Assignment - Go through the records and restate them word for word, omitting images.

Data listing -

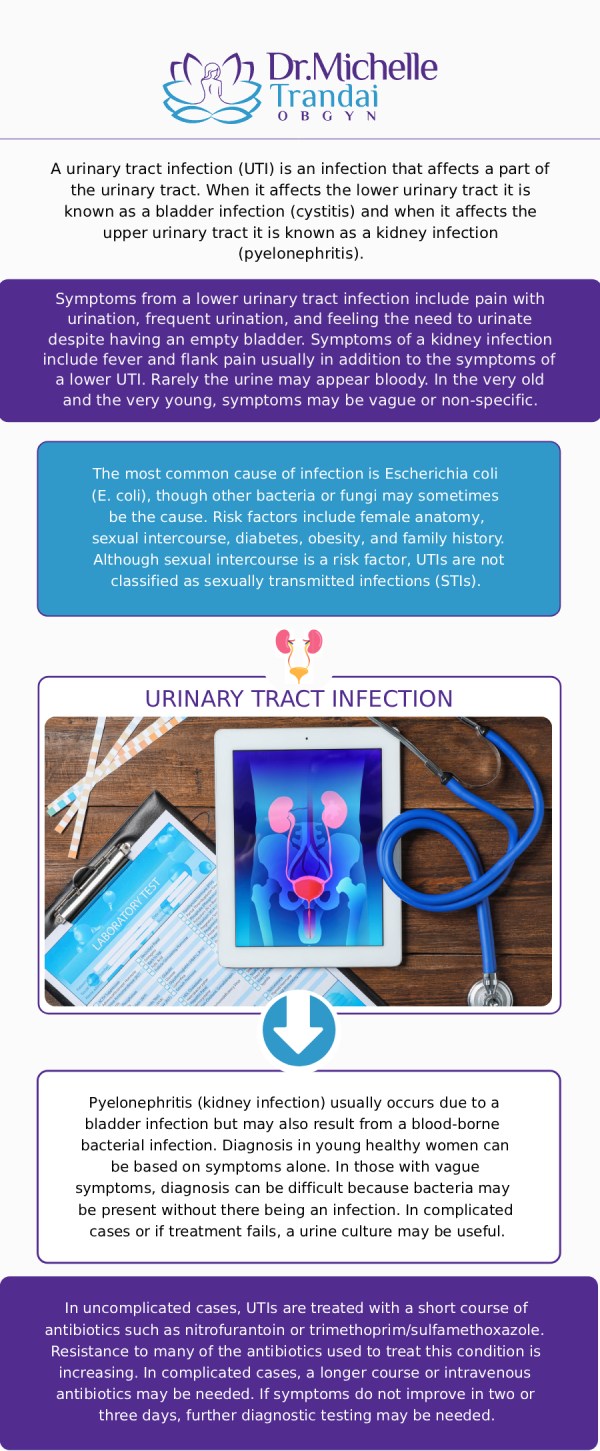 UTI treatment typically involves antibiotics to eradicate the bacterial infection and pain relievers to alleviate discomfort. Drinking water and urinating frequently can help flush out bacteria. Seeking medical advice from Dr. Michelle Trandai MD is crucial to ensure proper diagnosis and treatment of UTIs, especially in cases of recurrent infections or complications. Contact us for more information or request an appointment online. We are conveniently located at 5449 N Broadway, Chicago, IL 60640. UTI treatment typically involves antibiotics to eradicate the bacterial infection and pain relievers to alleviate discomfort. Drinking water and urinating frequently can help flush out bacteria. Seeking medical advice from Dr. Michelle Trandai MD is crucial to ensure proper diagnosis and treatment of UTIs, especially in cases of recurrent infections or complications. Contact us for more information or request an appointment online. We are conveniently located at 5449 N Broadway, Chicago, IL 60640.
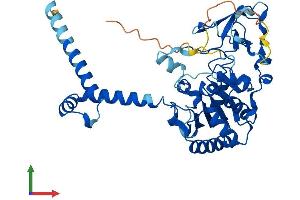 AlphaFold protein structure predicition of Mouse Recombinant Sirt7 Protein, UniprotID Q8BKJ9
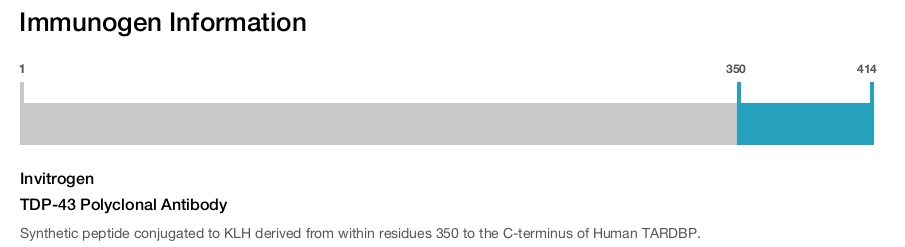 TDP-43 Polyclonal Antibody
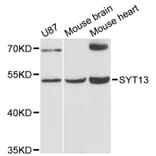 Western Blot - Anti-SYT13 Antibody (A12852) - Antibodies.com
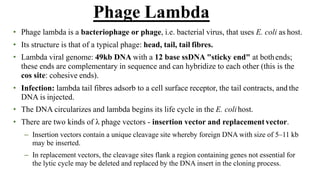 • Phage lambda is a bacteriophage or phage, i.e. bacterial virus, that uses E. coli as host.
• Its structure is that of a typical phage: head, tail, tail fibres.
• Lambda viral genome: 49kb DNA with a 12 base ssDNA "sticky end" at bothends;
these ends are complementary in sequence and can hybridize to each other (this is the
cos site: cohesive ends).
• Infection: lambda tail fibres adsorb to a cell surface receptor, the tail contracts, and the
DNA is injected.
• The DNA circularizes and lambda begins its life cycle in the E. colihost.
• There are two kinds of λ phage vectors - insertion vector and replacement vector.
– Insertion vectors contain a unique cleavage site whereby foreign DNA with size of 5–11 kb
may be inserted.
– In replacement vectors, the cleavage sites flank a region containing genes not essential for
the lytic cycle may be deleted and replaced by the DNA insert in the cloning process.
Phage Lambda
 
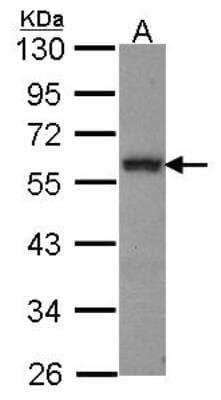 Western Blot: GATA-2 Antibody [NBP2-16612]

Task result -
 UTI treatment typically involves antibiotics to eradicate the bacterial infection and pain relievers to alleviate discomfort. Drinking water and urinating frequently can help flush out bacteria. Seeking medical advice from Dr. Michelle Trandai MD is crucial to ensure proper diagnosis and treatment of UTIs, especially in cases of recurrent infections or complications. Contact us for more information or request an appointment online. We are conveniently located at 5449 N Broadway, Chicago, IL 60640. UTI treatment typically involves antibiotics to eradicate the bacterial infection and pain relievers to alleviate discomfort. Drinking water and urinating frequently can help flush out bacteria. Seeking medical advice from Dr. Michelle Trandai MD is crucial to ensure proper diagnosis and treatment of UTIs, especially in cases of recurrent infections or complications. Contact us for more information or request an appointment online. We are conveniently located at 5449 N Broadway, Chicago, IL 60640.
 AlphaFold protein structure predicition of Mouse Recombinant Sirt7 Protein, UniprotID Q8BKJ9
 TDP-43 Polyclonal Antibody
 Western Blot - Anti-SYT13 Antibody (A12852) - Antibodies.com
 • Phage lambda is a bacteriophage or phage, i.e. bacterial virus, that uses E. coli as host.
• Its structure is that of a typical phage: head, tail, tail fibres.
• Lambda viral genome: 49kb DNA with a 12 base ssDNA "sticky end" at bothends;
these ends are complementary in sequence and can hybridize to each other (this is the
cos site: cohesive ends).
• Infection: lambda tail fibres adsorb to a cell surface receptor, the tail contracts, and the
DNA is injected.
• The DNA circularizes and lambda begins its life cycle in the E. colihost.
• There are two kinds of λ phage vectors - insertion vector and replacement vector.
– Insertion vectors contain a unique cleavage site whereby foreign DNA with size of 5–11 kb
may be inserted.
– In replacement vectors, the cleavage sites flank a region containing genes not essential for
the lytic cycle may be deleted and replaced by the DNA insert in the cloning process.
Phage Lambda
 
 Western Blot: GATA-2 Antibody [NBP2-16612]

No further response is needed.